Chris Powell: Nursing-home workers have better claim than Stop & Shop's
Are all those Connecticut elected officials who have been joining the picket lines in the strike by the United Food and Commercial Workers union against Stop & Shop experts in the supermarket business? Or are the only numbers that matter to them the numbers of their constituents on strike as compared to the numbers of the supermarket chain's Dutch owners who can vote in Connecticut?
A few days ago U.S. Sen. Richard Blumenthal boasted that he had told Stop & Shop's president to do better by his employees. But the senator didn't say how he came to that judgment.

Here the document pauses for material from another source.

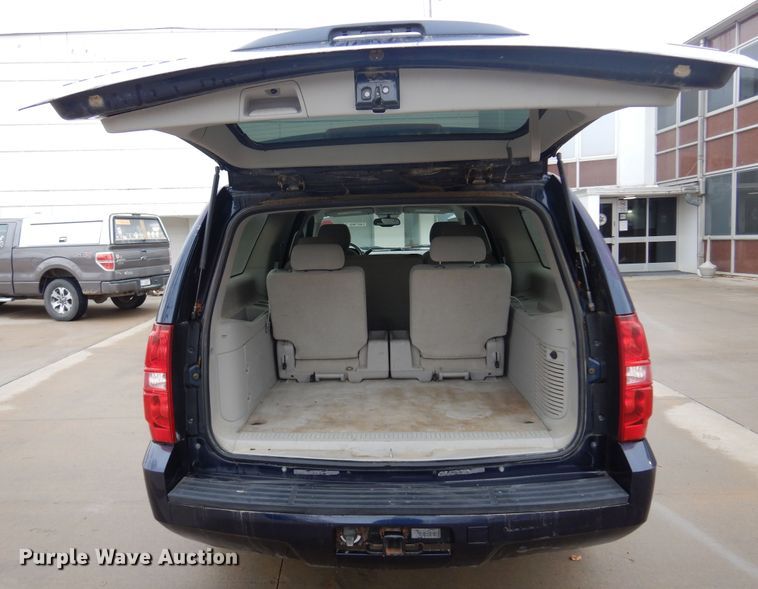 image for item DF0032 2008 Chevrolet Suburban LT  SUV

The supermarket business is high-volume, low-margin and extremely competitive. Most of its labor is not highly skilled and so is difficult to unionize. Organizing it and keeping it organized as the UFCW has done at Stop & Shop is an achievement.
But that doesn't make the company's contract offer unfair. Not being unionized, the company's competitors enjoy substantial advantages over Stop & Shop and more easily can offer better prices to their customers.

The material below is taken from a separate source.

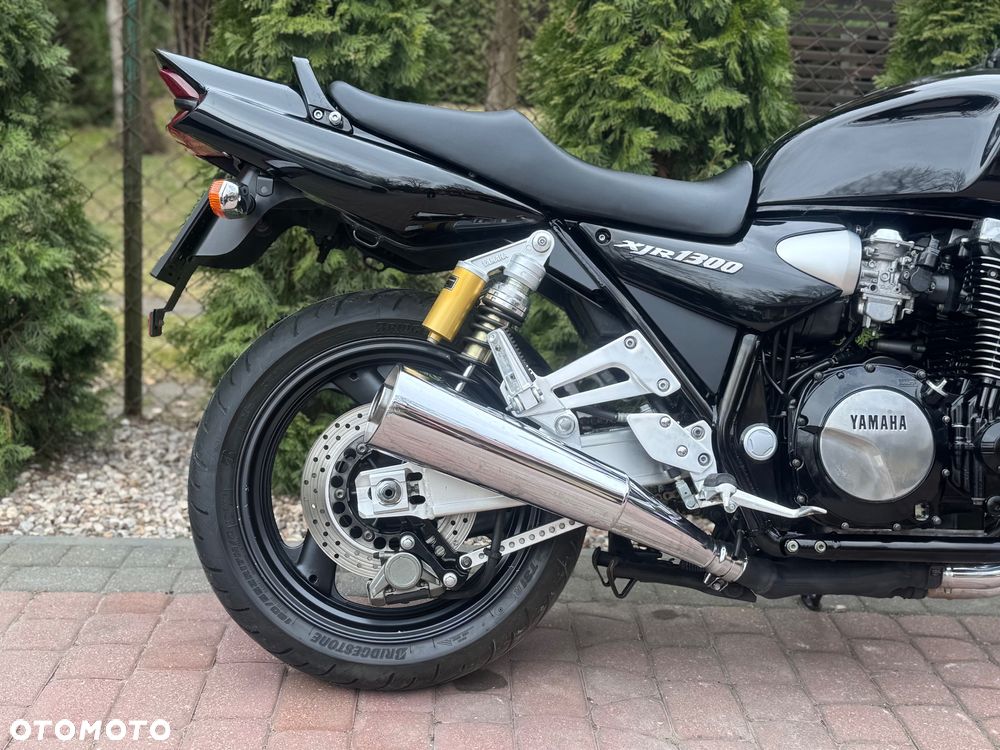 Yamaha XJR - 21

So what does anyone outside the business really know about who is right or wrong in the dispute, or if there is any right or wrong rather than mere self-interest?
Meanwhile, a far more compelling labor dispute is developing in the state.
Workers at 20 nursing homes, members of the New England Health Care Employees Union, are threatening to strike May 1, and their wages and benefits are largely matters of state government appropriation. That's because most nursing-home patients are welfare recipients and what the nursing homes pay their employees is determined mainly by how much state government pays the nursing homes.
The nursing-home workers are not highly skilled either and organizing them is as much a challenge as it is to organize supermarket workers. But the work of nursing home employees, caring for the infirm and disabled, can be much more tedious.
While state government treats its direct employees luxuriously because of their political mobilization, it always has treated the nursing-home workers poorly, controlling patient reimbursements so tightly that raises have been tiny and have badly lagged inflation.
The nursing-home workers union wants state government to appropriate enough for 4 percent raises in each of the next two years. While that may seem high, it is not when averaged with the meager raises of the last decade.
But it would be hard for state government to appropriate such raises for the unionized nursing homes and not for the scores of other homes. So big money is at issue here even as state government faces a budget gap of $1.5 billion or more.
Despite that gap, Gov. Ned Lamont’s administration and the Democratic majority in the General Assembly lately have been approving substantial raises for unionized state employee bargaining units and even approving the unionization of supervisors who should not be unionized at all. Further, the jobs and compensation of all state employees have been guaranteed for years to come by the Malloy administration's infamous long-term contract with the State Employee Bargaining Agent Coalition.
In these labor issues the nursing home workers are plainly far more deserving. But when fairness requires direct state appropriations for people who are not politically influential, the politicians are not as eager to be photographed.
Chris Powell is a columnist for the Journal Inquirer, in Manchester, Conn.